Abbiamo detto in parte perché dall’altra, invece, c’è sempre un segmento di noi che si radica sempre più in se stesso e, consapevoli o meno, ci accaniamo a mantenerlo immutato, quale fosse lo zoccolo duro di tutta la nostra esistenza.

Guardando I Figli del Fiume Giallo, ultima e somma opera di Jia Zhang-ke, il regista contemporaneo che con il suo terzo occhio ha saputo raccontarci nel corso degli anni una vicinissima e lontana Cina in una trasformazione continua, abbiamo sentito scorrere l’acqua di quell’antico fiume nel quale tutti noi abbiamo attinto la nostra esistenza e al quale più e più volte siamo voluti tornare. 

Fotogramma dopo fotogramma, abbiamo accompagnato Qiao, figlia di un minatore, interpretata dalla sublime e bellissima Zhao Tao, nello scorrere della sua evoluzione che nel film è concentrata in diciassette anni di narrazione, dal 2001 al 2018.

Tutto inizia a Datong, cittadina dello Shanxi, destinata a rimanere desolata per la chiusura delle miniere e la conseguente delocalizzazione dei suoi abitanti: un momento tragico per chi ha vissuto sempre di quel lavoro, un’opportunità diversa per i giovani che vogliono abbandonare certe abitudini e guardano con fascinazione sempre maggiore all’Occidente.

Di certo un contesto difficile che, come abbiamo osservato anche per altri film ambientati in luoghi e culture differenti, è fin troppo tristemente simile a realtà a noi molto vicine: se mancano cultura, educazione e stimoli la reazione umana sarà sempre all’insegna della violenza e della delinquenza.

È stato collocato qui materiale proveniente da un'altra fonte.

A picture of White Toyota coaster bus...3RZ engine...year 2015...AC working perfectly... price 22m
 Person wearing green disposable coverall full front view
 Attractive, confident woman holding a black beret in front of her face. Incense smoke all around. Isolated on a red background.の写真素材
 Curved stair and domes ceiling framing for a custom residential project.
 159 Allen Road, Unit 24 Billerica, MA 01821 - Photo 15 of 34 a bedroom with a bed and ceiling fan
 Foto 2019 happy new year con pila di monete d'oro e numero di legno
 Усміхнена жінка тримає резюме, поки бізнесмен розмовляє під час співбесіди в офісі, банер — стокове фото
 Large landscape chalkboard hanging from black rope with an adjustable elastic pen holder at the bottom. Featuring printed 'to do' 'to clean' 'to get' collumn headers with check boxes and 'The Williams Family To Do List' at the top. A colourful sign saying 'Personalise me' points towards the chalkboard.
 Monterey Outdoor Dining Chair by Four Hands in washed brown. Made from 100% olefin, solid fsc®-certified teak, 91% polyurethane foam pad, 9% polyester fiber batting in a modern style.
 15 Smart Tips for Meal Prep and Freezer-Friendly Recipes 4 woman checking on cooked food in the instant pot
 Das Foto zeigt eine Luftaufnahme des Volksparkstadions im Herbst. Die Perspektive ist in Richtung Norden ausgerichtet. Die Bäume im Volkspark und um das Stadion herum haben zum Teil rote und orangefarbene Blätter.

Qiao è la donna di Bin (Liao Fan) piccolo boss locale che gestisce bische e che è unito alla sua banda da un forte codice d’onore e un altrettanto senso di fratellanza. Tali sentimenti molto radicati anche nella nostra protagonista la fanno essere fin dall’inizio una tipa molto “tosta” e perfettamente calata nel ruolo di compagna di chi conta, il suo perfetto alter ego femminile; non c’è bisogno che vi dica che molte serie televisive, soprattutto quelle di ultima generazione ci hanno abituato a ruoli di questo genere, generando degli stereotipi non propriamente positivi.

A un certo punto, però, gli eventi cambiano le sorti di tutti: Qiao si trova costretta a sparare per difendere il proprio compagno. Non uccide nessuno ma per la legge cinese il solo fatto di detenere illegalmente un’arma vale il carcere: cinque anni nel caso della nostra protagonista durante i quali a farle compagnia ci sono stati solamente i suoi ricordi e l’inesorabile scorrere delle giornate. Pagato il suo debito con la giustizia Qiao vuole riprendere a vivere esattamente da dove aveva smesso, ma purtroppo nulla è più come prima.

Bin ha un’altra e, malgrado le recriminazioni, le accuse, le continue iniezioni di senso di colpa e l’accanimento sentimentale che la porta quasi a pietire il suo ritorno, Qiao trova la forza per mollare ciò che non è stato e non sarà mai e riappropriarsi di se stessa; un percorso lungo, lento, doloroso ma vincente perché quando rinasciamo diventiamo più brillanti e forse anche stelle comete per chi abbiamo incontrato lungo il nostro cammino e spesso attiriamo nuovamente verso di noi chi credevamo perduto, ma con un altro spirito, un altro sé, un’altra forza, un’altra era della nostra vita.

Panta rhei.

Presentato a Cannes 2018 e designato “FILM DELLA CRITICA” dal Sindacato dei Critici Italiani, sarà in sala dal 9 maggio ed è distribuito da Cinema di Valerio De Paolis.